Abstract

This study, based chiefly on cryptospores and trilete spores from North Africa (MG-1 borehole, Ghadamis Basin, southern Tunisia), contributes to the understanding of the terrestrialization process, its timing and its palaeoenvironmental consequences across the Silurian–Devonian transition in Western Gondwana. The investigated section comprises, in ascending stratigraphic order, the Tanezzuft, Acacus and Tadrart formations. Four well preserved and diversified miospore assemblages are recognized and attributed respectively to the late Gorstian–Ludfordian, Lufordian–early Přídolí, Přídolí and early Lochkovian, based on correlation with previously established palynozonations, and independent age evidence from chitinozoan faunas. The lithostratigraphical boundary between the Acacus and the Tradart fms. corresponds to the Silurian–Devonian transition. In this time span, the Ghadamis Basin was the site of an extensive regression.

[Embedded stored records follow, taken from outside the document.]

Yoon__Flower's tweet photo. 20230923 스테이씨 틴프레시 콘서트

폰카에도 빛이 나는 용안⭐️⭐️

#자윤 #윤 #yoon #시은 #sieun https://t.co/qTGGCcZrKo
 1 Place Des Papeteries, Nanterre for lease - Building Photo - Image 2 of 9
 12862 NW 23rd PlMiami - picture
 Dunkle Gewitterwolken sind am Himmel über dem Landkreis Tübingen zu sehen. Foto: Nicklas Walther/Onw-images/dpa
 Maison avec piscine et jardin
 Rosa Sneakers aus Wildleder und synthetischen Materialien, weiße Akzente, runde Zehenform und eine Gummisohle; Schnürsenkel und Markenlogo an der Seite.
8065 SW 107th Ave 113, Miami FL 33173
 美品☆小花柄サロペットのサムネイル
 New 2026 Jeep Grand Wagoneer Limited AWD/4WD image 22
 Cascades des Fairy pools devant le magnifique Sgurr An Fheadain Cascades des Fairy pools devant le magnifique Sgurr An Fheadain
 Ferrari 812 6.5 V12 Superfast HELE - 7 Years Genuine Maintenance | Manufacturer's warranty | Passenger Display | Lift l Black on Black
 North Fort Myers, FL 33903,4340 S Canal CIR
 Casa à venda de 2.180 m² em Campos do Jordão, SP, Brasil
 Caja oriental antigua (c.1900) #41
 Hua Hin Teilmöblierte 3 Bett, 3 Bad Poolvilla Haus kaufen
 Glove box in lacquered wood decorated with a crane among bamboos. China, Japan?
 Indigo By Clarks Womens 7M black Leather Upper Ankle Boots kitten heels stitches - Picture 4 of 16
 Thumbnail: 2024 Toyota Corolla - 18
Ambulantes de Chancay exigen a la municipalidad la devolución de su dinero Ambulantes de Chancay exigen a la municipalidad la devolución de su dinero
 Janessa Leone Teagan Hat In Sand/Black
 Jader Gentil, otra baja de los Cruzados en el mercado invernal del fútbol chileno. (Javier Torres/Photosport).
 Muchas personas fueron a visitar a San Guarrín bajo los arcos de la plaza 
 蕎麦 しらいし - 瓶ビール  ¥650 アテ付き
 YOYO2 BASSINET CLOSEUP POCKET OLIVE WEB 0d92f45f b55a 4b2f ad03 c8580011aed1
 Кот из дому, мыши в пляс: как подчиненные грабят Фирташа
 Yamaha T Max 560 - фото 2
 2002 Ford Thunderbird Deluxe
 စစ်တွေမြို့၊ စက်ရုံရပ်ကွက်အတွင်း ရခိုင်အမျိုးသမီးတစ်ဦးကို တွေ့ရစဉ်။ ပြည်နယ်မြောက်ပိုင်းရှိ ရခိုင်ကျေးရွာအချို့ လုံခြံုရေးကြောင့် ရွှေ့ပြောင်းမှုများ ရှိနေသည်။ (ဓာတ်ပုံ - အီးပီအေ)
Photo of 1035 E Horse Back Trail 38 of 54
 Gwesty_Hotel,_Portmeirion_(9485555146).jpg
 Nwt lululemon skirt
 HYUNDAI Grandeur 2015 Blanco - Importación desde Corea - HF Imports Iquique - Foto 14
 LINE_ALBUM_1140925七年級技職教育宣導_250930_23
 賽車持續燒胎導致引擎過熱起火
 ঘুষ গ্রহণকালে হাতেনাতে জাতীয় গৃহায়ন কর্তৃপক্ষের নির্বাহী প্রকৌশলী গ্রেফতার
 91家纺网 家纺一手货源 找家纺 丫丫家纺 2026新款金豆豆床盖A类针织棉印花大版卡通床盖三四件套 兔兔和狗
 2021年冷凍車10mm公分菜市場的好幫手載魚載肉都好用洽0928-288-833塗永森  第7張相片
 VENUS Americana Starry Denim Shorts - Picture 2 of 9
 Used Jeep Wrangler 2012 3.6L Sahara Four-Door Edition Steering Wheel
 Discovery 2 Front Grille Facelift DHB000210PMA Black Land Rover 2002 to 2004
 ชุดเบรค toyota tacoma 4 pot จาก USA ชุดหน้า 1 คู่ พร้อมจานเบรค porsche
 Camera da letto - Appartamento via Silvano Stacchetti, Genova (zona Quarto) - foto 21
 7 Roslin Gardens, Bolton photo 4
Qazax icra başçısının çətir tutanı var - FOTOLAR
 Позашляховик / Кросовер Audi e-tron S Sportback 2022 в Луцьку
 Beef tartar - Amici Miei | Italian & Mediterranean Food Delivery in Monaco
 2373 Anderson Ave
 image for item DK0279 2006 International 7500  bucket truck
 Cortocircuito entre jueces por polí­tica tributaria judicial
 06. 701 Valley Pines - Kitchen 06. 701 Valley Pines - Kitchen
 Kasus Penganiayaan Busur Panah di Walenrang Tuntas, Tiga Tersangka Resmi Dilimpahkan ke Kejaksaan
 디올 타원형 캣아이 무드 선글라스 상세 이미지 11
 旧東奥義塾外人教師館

The middle Silurian–Lochkovian Tunisian miospore assemblages do not differ significantly from coeval associations both from Gondwanan and Laurussian localities, hence they do not provide evidence for a pronounced palaeobiogeographical differentiation. This similarity could reflect: a) palaeogeographical proximity of the two palaeocontinents and b) the low diversity of primitive vegetation in its early stages of evolutionary development. Minor but distinct variations in taxonomic composition of assemblages belonging to the same palaeogeographic domain, are thought to reflect varying environmental or physiographic conditions at regional and/or local scale.